The Works of Nature as First Words: Goethe and the Experience of the Natural World
“The works of nature are like the first words spoken by God.”
Goethe.
In the midst of a mounting ecological crisis driven by industrial civilization and an economic system that treats nature as a commodity, Stefan Bollmann’s analysis Goethe and the Experience of Nature arrives as a timely contribution. It points toward a different relationship with the living world. Following Goethe, the view that nature forms an interconnected whole moves away from a rational Cartesian split that reduces nature to parts to be analyzed. It offers instead a more authentic way to know and value the natural world, with an emphasis on experiential understanding rather than mere control. The aim is not only to learn about nature but to engage with it more wisely and responsibly.
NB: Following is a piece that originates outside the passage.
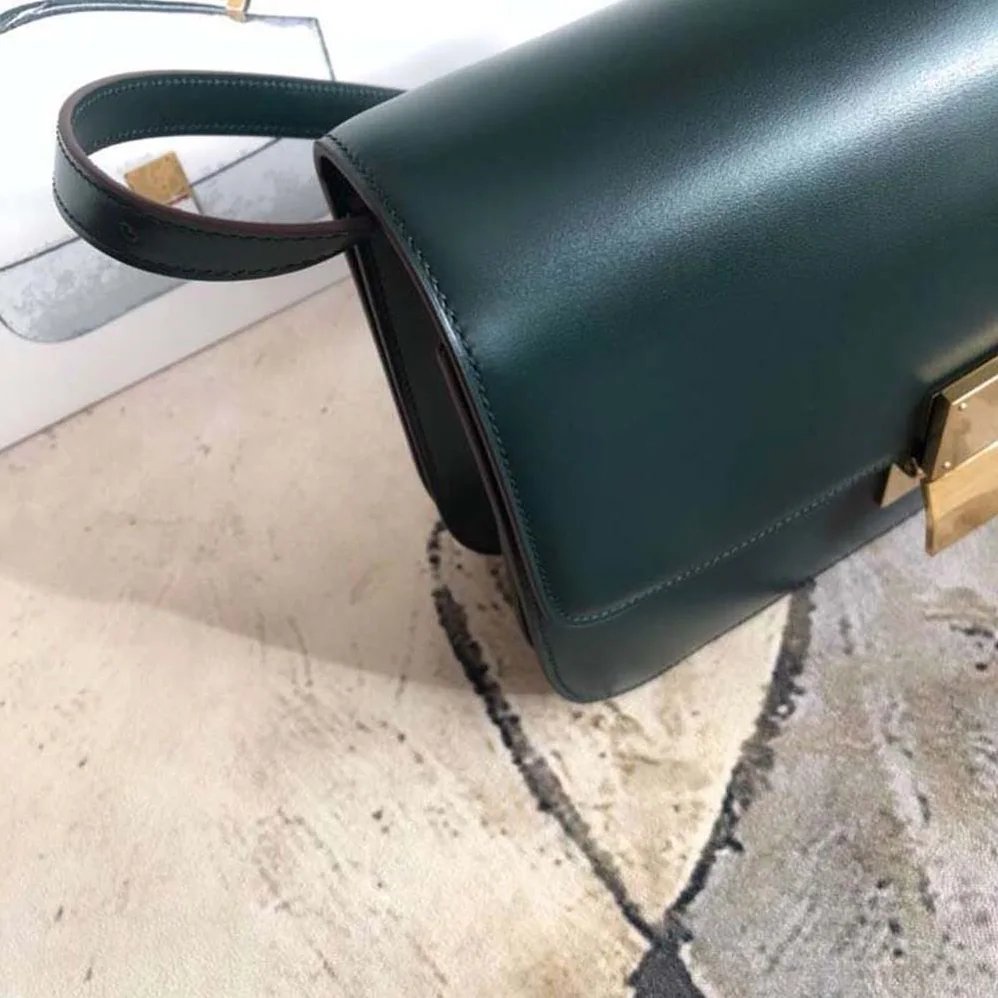 Celine Small Classic Bag in Box Calfskin Leather for Women in Dark Green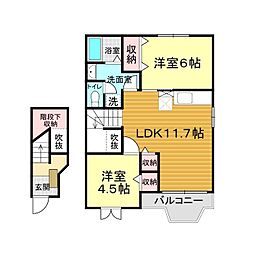 ヴィラ・ステイサイドＡ 2階2LDKの間取り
Stefan Bollmann’s book presents a true biographical portrait of Goethe through a lesser-known angle: his lifelong engagement with fields such as geology, botany, anatomy, color theory, and atmospheric physics, all explored in depth. This review seeks to reflect what is most meaningful for today’s readers, summarizing how Goethe’s life demonstrates that experiencing and knowing nature is essential for human life itself.
In Johann Wolfgang Goethe (1749–1832), nature emerged as a vital experience through feeling, followed by systematic observation. Goethe’s friendship with Alexander von Humboldt (1769–1859) was pivotal in shaping his understanding of nature. Humboldt, a mining engineer who studied at the Freiburg Mining School, shared a quest to unite the sciences under guiding ideas that would illuminate natural phenomena. He argued that scientific rationality should be complemented by empathy toward the natural world to advance knowledge.
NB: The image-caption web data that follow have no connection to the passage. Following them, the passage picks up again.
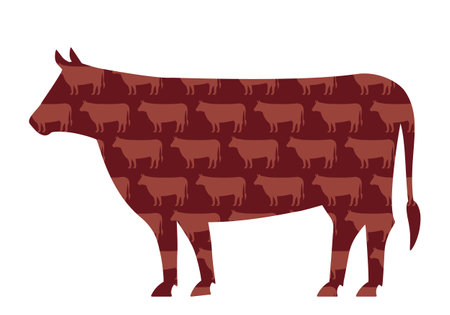 silhouette of a cattle bull. cow sample from a variety of cows. vector illustration isolated on white backgroundのイラスト素材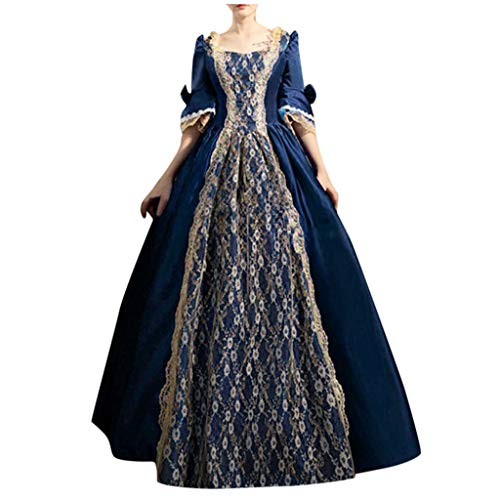 YNnkian Damen Mittelalter Kleid Bares Cosplay Prinzessin Kleidung Gewand Halloween Piraten Kleid Cosplay Kostüm Kleid mit Trompetenärmel Kleidung Damen viktorianisches kleid renaissance maxi kostüm von YNnkian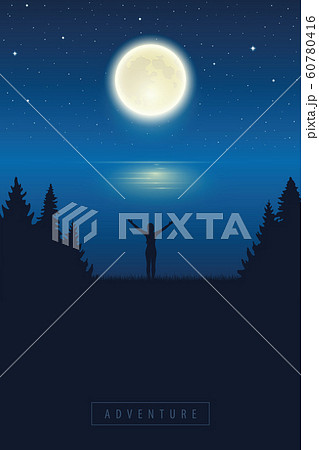 girl with raised arm enjoy the full moon by lake girl with raised arm enjoy the full moon by lake 60780416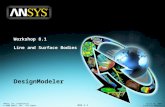 WS8.1-1 ANSYS, Inc. Proprietary © 2009 ANSYS, Inc. All rights reserved. April 28, 2009 Inventory #002597 Workshop 8.1 Line and Surface Bodies DesignModeler.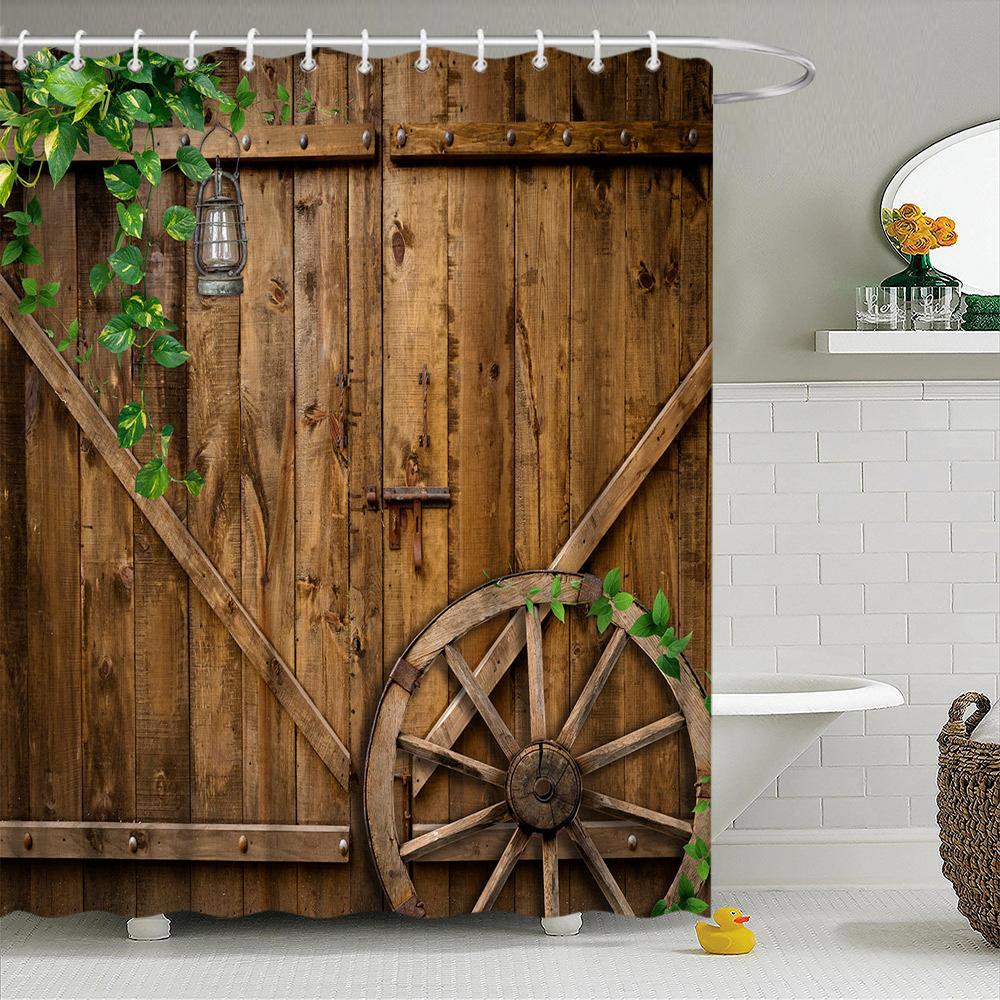 Ретро Деревянные Двери Набор Занавески для Душа Рустик Старый Винтажный Амбарная дверь Тканевые Занавески для Ванной Комнаты Фермерский Дом Декор для Ванной Экраны для Ванной Крючок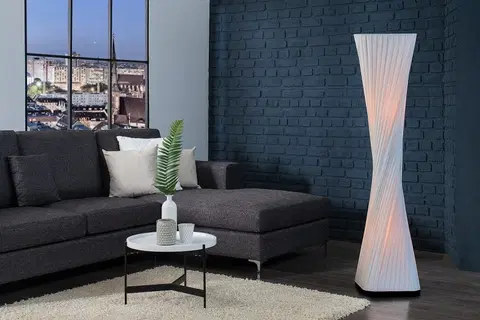 Designové a luxusní stojící lampy Estila Moderní designová stojací lampa Harmony 120cm bílá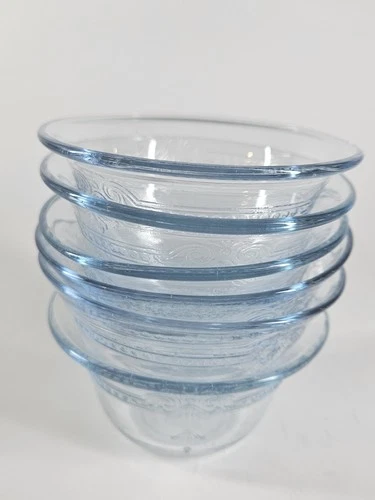 6 Vintage FIRE KING Philbe Glass Sapphire Blue Oven Glass 4” Small Bowls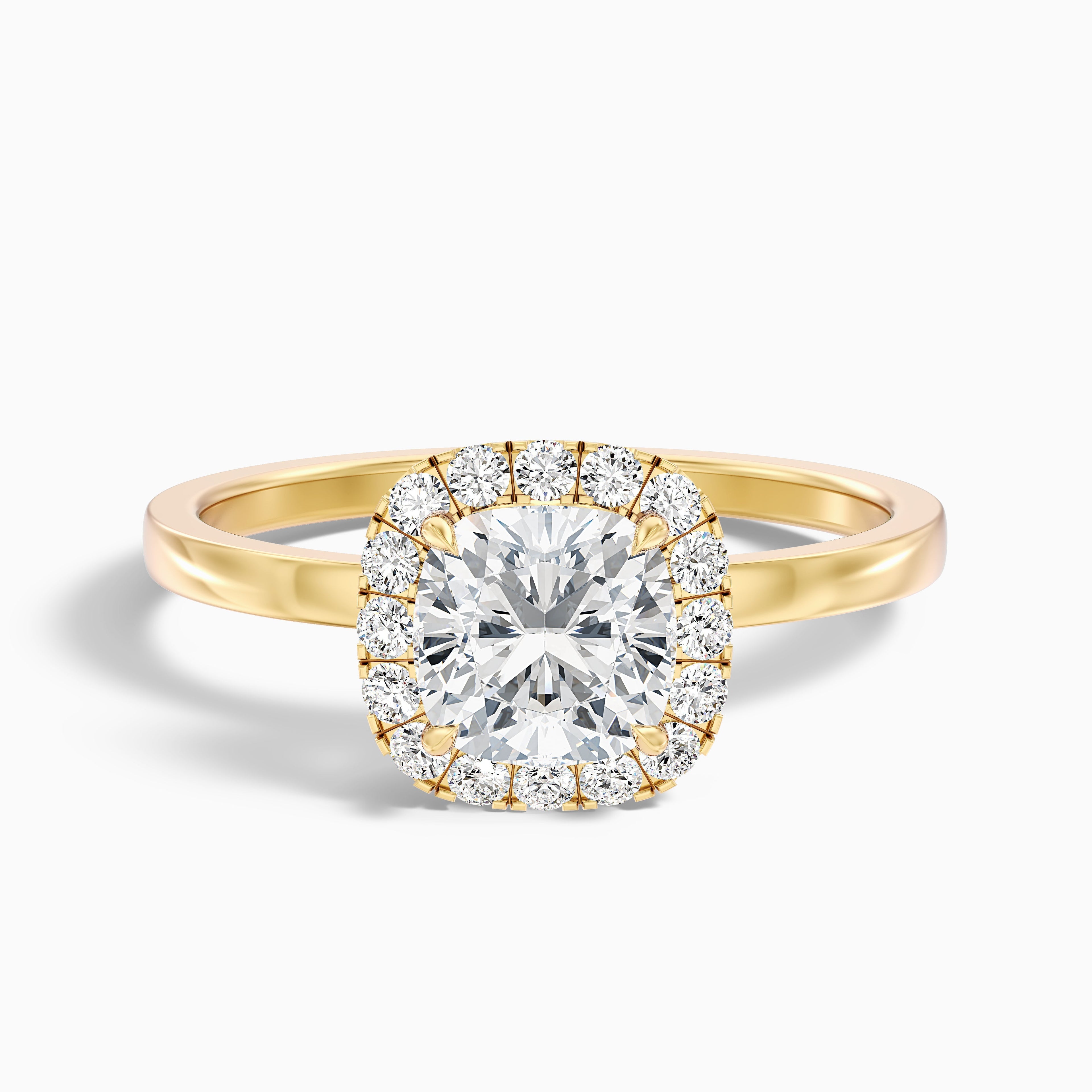 Claire 1 Carat Cushion Cut Halo Moissanite Engagement Ring in Platinum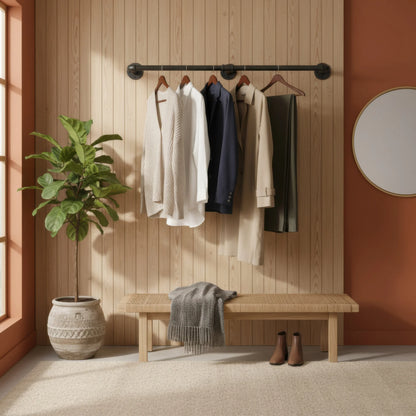 Industrial Pipe Clothes Rack — Heavy Duty Wall Mounted Garment Bar, Detachable 90–180cm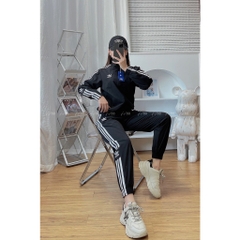 Set thể thao nữ Adidas chất gió co giãn, áo 2 lớp lót lưới, túi quần áo có khoá, set thu đông vnxk BGWM2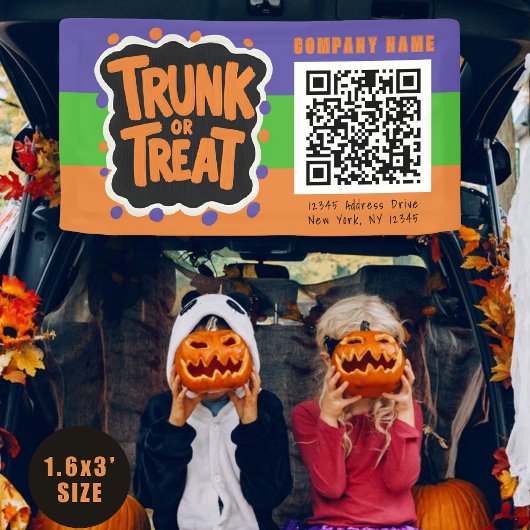 3 Toned Trunk of Treat Halloween QR Business Spandoek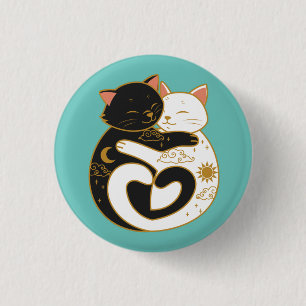Badge Rond 2,50 Cm Les chats Yin Yang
Two dominant intellectual currents of the eighteenth century—rationalism and empiricism—offered different paths to knowledge. Goethe, like Humboldt, moved away from the spiritual drift of romantic natural philosophy and embraced an empirical stance in observing and analyzing natural phenomena. The romantic poet Schiller noted that Goethe drew much from the world of sense, while he drew from the inner life of the soul.
Goethe did not greet the French Revolution with unqualified approval. As discussed in contemporary scholarship, his political and social ideas were intertwined with his scientific insights. The so-called “vulcanists” sought geological transformations of the Earth, but Goethe aligned with the “Neptunists,” who argued for gradual, ongoing geological change as a parallel to social evolution. His leadership at the head of the Weimar mines deepened his understanding of Earth’s geological history. A text from 1817 suggests that nature is never static; forms are not fixed, but constantly shifting and transforming into new configurations.
For Goethe, deeper knowledge of nature meant a clearer understanding of humanity as a living part of nature. He proposed that knowledge of the natural environment arises from experience, declaring that experience is the true science, and that self-knowledge arises through action rather than contemplation alone. Bollmann emphasizes that Goethe’s approach to nature centers on lived experience in the open air, rather than laboratory settings. This aligns with Goethe’s love of walking, a practice his contemporaries called the life of a traveler. The idea of being on the road became synonymous with living, moving “between the mountain and the plain,” a nomadic way of discovery that connected movement with insight.
Goethe’s journey to Italy in 1788 produced the work Journey to Italy, a narrative that Bollmann argues presents Goethe as a naturalist in the field rather than a classic poet in form. The text is read as evidence of Goethe’s negotiation between classicism and emerging romantic sensibilities. In Venice, Goethe admired the civic vigor of the Venetians’ defenses against the sea, while also recognizing nature’s untamable laws. He described nature as powerful, yet knowable, with human beings acting as guardians rather than masters. References to maritime work in the final chapters of Faust reflect this encounter with nature’s forces and human ingenuity.
As Goethe approached the end of life, he became sharply critical of the environmental damage produced by industrial expansion. This concern surfaces clearly in his great work Faust, where science and technology are dramatized as forces that can supplement human knowledge yet also threaten moral limits. Later thinkers, such as Oswald Spengler, would frame similar concerns in terms of a Faustian drive for power over nature, a theme that resonates with Goethe’s cautionary stance. The longing to imitate divine mastery over nature persists as a recurring tension in his writings and in the broader modern discourse about technology and ecological limits.
The central thread of Bollmann’s examination is Goethe’s belief that a fuller understanding of nature enriches human life. The organism and the observer are bound in a shared economy of perception. Nature is not merely a resource to be exploited but a lived experience to be absorbed. This perspective invites readers to consider how outdoor engagement, practical inquiry, and open-air observation can inform a humane, science-informed sense of stewardship. Goethe’s legacy thus offers a model for contemporary readers seeking a balanced relationship with the natural world—one that honors curiosity, reverence, and responsibility in equal measure.